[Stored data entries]
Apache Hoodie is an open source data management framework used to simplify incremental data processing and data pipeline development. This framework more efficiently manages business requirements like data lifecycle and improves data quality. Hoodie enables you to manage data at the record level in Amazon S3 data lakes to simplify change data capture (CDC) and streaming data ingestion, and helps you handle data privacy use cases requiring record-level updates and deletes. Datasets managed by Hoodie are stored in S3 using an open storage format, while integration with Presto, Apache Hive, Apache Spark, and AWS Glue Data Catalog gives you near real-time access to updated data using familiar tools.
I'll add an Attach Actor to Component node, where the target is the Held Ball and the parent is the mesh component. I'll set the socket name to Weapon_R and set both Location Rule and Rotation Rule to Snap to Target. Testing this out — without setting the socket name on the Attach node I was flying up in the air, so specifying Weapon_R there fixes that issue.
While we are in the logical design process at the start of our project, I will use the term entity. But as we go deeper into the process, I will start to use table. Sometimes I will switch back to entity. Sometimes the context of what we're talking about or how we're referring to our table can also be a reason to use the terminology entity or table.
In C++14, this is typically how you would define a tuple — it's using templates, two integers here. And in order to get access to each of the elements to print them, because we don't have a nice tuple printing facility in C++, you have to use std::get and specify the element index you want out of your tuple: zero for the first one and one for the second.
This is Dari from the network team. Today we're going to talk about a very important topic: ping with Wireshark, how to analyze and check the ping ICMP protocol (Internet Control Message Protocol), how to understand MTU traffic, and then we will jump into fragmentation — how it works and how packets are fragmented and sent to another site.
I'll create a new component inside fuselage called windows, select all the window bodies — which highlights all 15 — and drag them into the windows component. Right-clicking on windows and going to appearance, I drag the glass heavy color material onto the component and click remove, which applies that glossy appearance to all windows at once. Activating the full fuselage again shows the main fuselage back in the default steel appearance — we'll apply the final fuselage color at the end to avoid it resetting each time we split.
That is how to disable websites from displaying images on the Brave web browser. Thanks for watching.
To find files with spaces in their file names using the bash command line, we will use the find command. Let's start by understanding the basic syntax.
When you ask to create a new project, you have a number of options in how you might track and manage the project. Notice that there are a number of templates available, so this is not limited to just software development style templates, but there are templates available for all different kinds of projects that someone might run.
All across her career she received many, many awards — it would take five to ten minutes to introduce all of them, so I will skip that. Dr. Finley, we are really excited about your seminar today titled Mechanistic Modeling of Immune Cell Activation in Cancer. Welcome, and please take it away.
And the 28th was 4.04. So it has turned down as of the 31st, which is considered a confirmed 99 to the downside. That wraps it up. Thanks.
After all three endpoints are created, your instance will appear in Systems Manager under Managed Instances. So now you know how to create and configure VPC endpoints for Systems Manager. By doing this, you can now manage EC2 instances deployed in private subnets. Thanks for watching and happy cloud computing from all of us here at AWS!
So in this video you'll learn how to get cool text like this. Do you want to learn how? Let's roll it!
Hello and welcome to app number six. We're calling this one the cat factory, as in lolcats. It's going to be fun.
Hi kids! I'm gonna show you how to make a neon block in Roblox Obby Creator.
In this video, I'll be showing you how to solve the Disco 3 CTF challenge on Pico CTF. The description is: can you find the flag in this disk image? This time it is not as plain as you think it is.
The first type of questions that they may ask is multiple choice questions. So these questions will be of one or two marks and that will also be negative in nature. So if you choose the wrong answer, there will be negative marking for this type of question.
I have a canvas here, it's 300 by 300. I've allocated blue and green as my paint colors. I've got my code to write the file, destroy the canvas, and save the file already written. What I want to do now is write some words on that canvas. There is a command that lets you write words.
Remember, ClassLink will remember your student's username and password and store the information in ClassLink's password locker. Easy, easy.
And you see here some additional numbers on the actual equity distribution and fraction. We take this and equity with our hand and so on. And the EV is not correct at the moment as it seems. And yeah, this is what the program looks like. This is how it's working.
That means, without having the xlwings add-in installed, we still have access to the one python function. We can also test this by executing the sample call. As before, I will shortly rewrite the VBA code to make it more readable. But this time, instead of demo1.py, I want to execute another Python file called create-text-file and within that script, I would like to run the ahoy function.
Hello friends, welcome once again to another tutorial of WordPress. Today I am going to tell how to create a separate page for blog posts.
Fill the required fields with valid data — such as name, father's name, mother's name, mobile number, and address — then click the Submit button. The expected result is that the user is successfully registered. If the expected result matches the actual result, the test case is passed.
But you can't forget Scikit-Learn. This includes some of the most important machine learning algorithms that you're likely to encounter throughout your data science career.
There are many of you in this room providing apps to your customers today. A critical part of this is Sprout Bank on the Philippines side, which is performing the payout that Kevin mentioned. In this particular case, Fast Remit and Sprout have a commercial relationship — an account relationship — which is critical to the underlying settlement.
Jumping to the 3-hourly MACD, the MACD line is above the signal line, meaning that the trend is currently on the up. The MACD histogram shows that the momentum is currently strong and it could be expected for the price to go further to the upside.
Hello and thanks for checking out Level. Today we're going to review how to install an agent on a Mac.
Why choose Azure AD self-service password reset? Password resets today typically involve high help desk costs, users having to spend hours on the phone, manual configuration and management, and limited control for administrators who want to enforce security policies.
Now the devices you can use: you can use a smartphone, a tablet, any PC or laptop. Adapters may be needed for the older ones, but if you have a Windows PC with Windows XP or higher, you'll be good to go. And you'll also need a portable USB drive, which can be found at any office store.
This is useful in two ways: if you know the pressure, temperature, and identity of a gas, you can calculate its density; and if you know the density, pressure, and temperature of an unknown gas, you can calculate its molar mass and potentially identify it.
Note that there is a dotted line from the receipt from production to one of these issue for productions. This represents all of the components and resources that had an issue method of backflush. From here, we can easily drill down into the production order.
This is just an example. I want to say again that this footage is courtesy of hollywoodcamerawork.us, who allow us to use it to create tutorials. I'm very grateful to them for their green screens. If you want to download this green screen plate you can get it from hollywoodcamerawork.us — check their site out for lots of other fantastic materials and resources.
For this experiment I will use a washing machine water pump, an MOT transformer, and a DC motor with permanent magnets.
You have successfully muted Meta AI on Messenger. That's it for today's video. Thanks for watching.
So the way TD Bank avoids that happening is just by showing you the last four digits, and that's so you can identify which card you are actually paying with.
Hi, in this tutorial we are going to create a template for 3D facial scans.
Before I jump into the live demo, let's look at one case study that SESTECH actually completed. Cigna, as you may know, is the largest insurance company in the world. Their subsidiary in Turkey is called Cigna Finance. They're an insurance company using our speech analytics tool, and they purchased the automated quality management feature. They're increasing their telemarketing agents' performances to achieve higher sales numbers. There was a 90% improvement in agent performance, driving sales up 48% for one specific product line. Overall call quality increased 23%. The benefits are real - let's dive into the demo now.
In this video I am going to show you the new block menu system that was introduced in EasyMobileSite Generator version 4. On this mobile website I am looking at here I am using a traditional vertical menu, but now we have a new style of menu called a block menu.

Work order: Write out only the lines that run from the line containing "This is just" through the line containing "So the way TD", both included, exactly as they appear above.

Task solution:
This is just an example. I want to say again that this footage is courtesy of hollywoodcamerawork.us, who allow us to use it to create tutorials. I'm very grateful to them for their green screens. If you want to download this green screen plate you can get it from hollywoodcamerawork.us — check their site out for lots of other fantastic materials and resources.
For this experiment I will use a washing machine water pump, an MOT transformer, and a DC motor with permanent magnets.
You have successfully muted Meta AI on Messenger. That's it for today's video. Thanks for watching.
So the way TD Bank avoids that happening is just by showing you the last four digits, and that's so you can identify which card you are actually paying with.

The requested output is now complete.